##### INFORMATION SUPPLIED

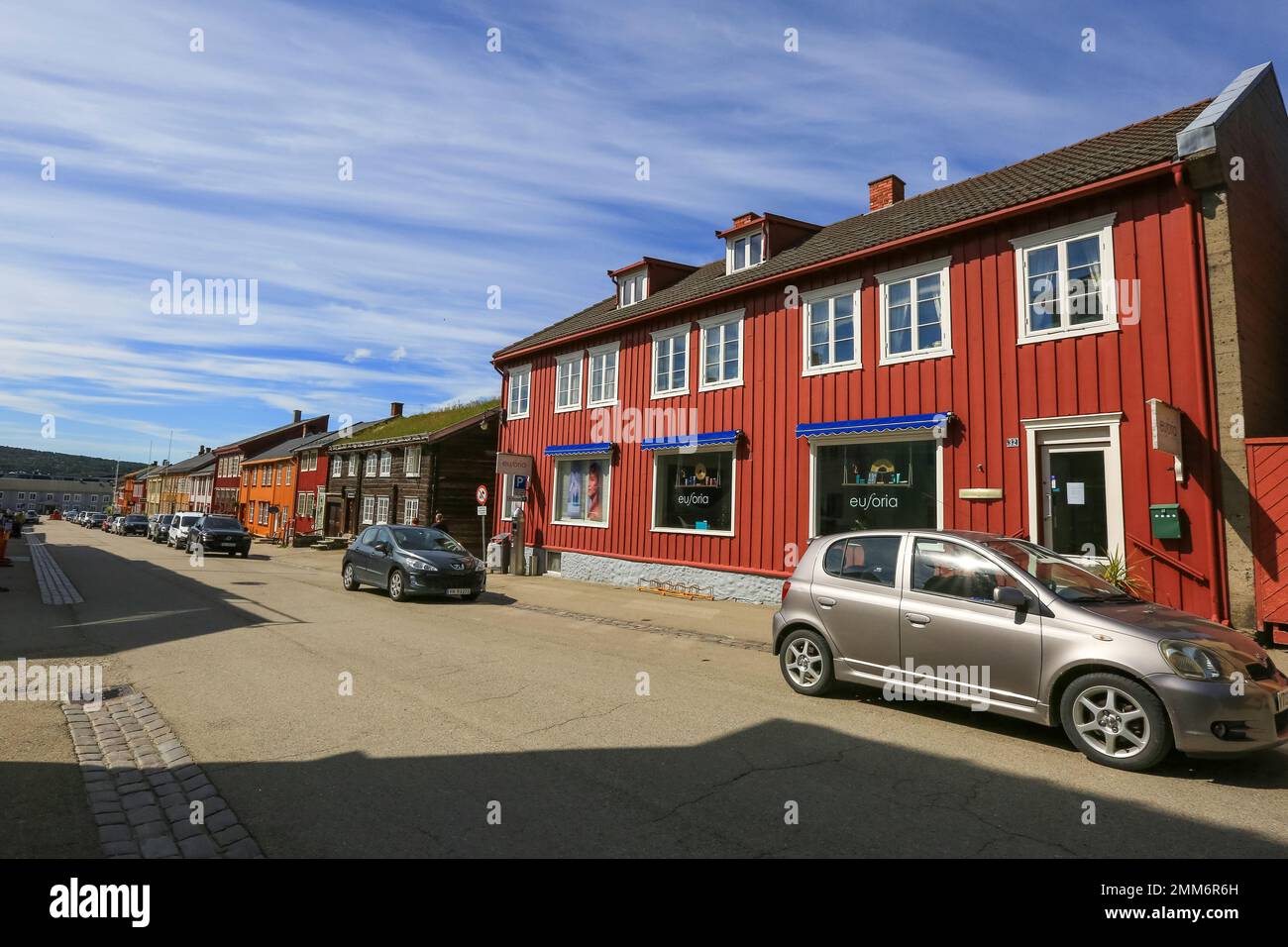Roeros, Norway 07/29/2022 : Street in the historical downtown in the ...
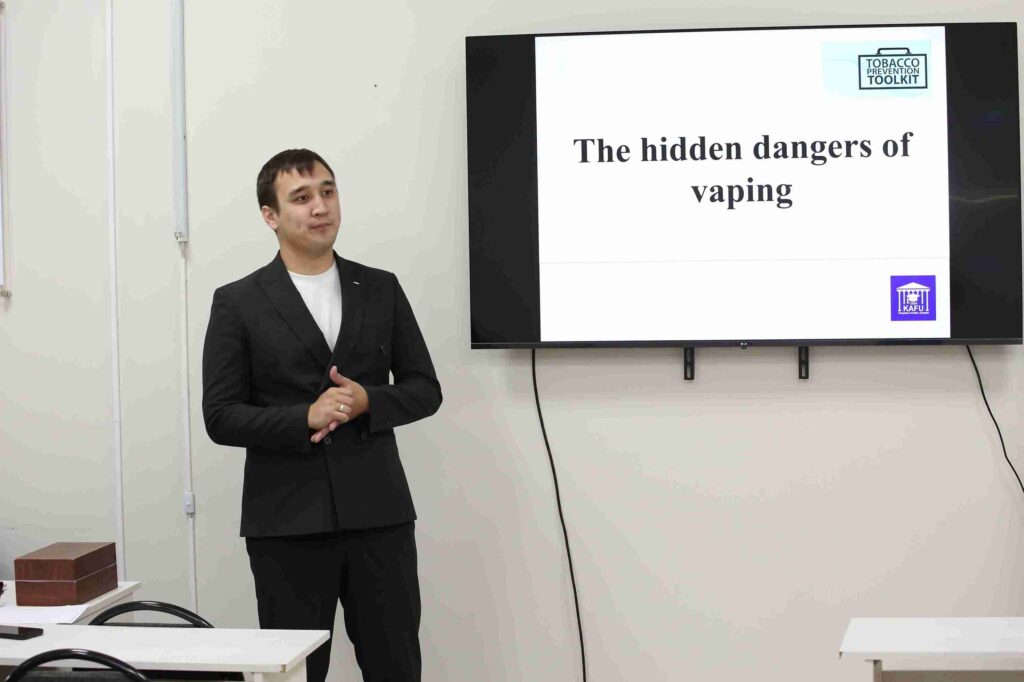 Дискуссия о проблемах общества «The Secret Dangers of Vaping» (1)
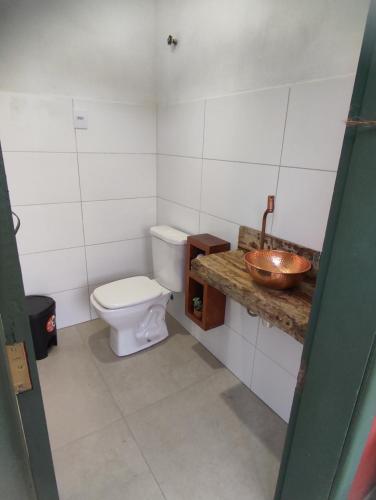 ein Bad mit einem WC und einem Waschbecken in der Unterkunft Pousada Portas da Lua in Catas Altas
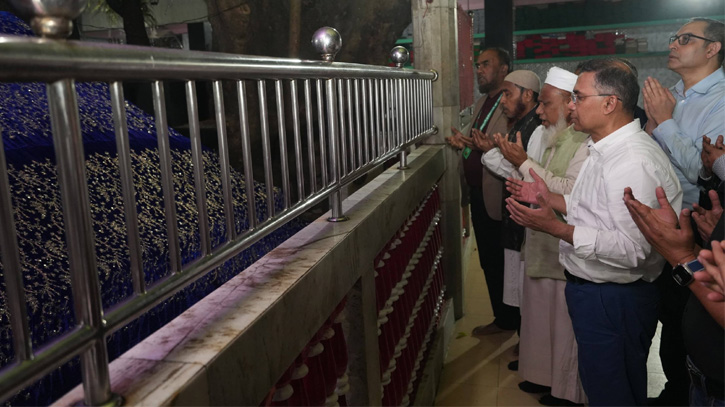 হযরত শাহজালাল (রা.) এর মাজার জিয়ারত দিয়ে নির্বাচনী প্রচারণা শুরু করেন তারেক রহমান।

##########

DESCRIPTION OF THE TASK –
None of the pictures belong in the copy. Write out exactly the lines from the line that holds "ein Bad mit" through the last line of the listing above, both ends included.

RESULT OF THIS TASK –
 ein Bad mit einem WC und einem Waschbecken in der Unterkunft Pousada Portas da Lua in Catas Altas
 হযরত শাহজালাল (রা.) এর মাজার জিয়ারত দিয়ে নির্বাচনী প্রচারণা শুরু করেন তারেক রহমান।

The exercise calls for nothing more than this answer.